[EXERCISE OBJECTIVE]:
Set down again, exactly and only, the lines from the one that contains "Marty Grunder – Sales" through the last line of the records below, both included, but not the pictures.

[DATA FOR ANALYSIS]:
--- START ---

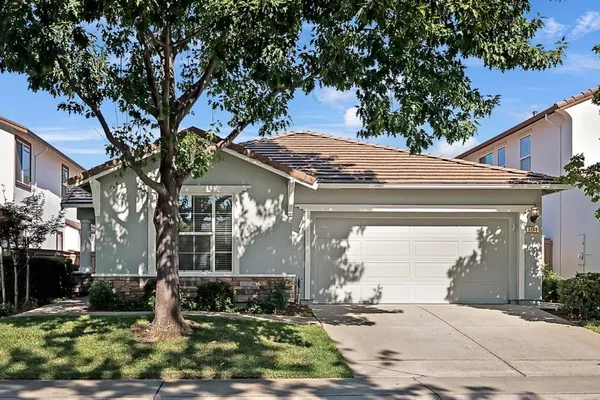 1150 MEREDITH WAY
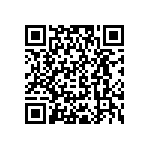 RCP0505W200RGTP QRCode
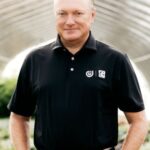 Marty Grunder – Sales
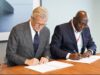 APM Terminals moves to extend Nigeria Port concessions, advances Badagry Deepwater Project
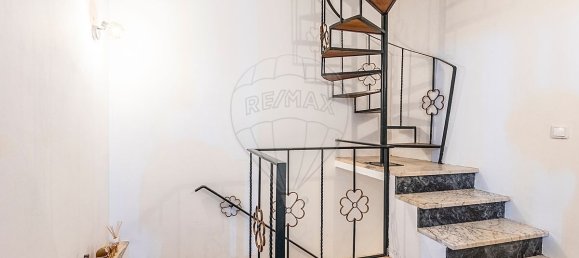 4 غرف نوم منزل في Alpiarca, Portugal رقم 31848 9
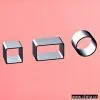 Sell Rectangular and Square Hollow Sections, Round Tubes thumbnail-1
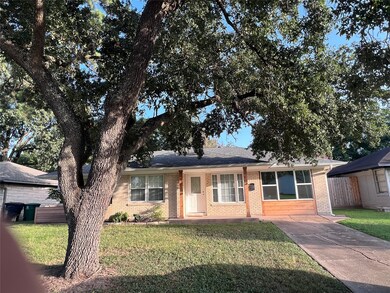 1711 Wilde Rock Way, Houston, TX 77018 - photo 2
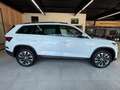 Skoda Kodiaq 2.0 TDI Tour*MATRIX-LED*PANO*V.COCKPIT* Weiß - thumbnail 6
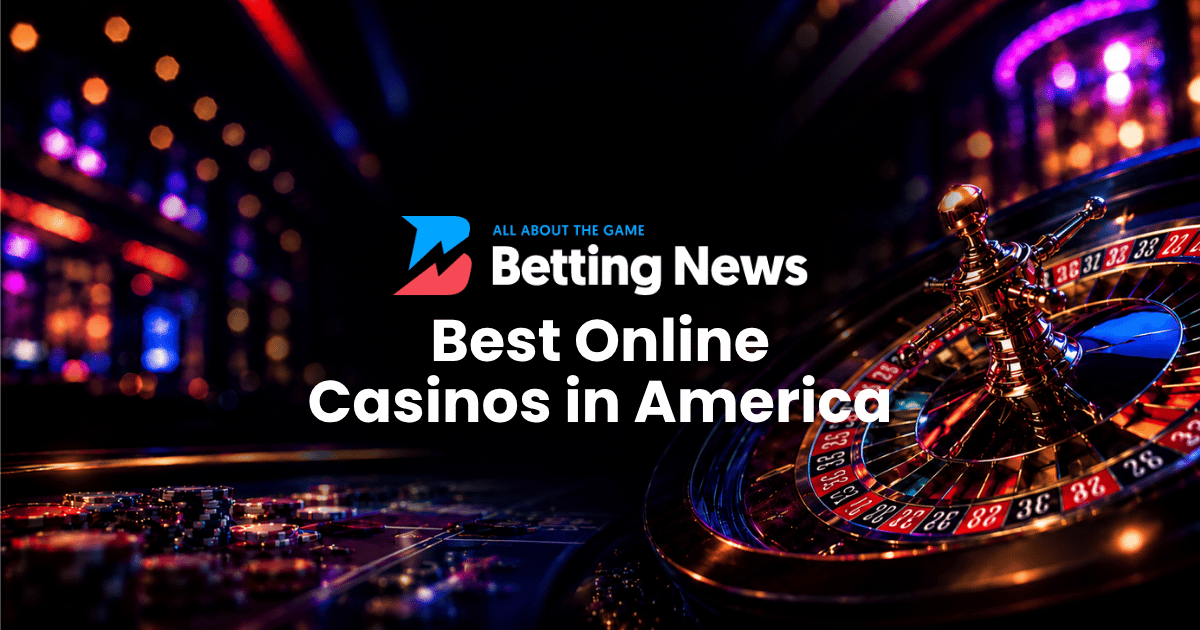 casino onlne game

--- END ---

[RESPONSE AREA]:
 Marty Grunder – Sales
 APM Terminals moves to extend Nigeria Port concessions, advances Badagry Deepwater Project
 4 غرف نوم منزل في Alpiarca, Portugal رقم 31848 9
 Sell Rectangular and Square Hollow Sections, Round Tubes thumbnail-1
 1711 Wilde Rock Way, Houston, TX 77018 - photo 2
 Skoda Kodiaq 2.0 TDI Tour*MATRIX-LED*PANO*V.COCKPIT* Weiß - thumbnail 6
 casino onlne game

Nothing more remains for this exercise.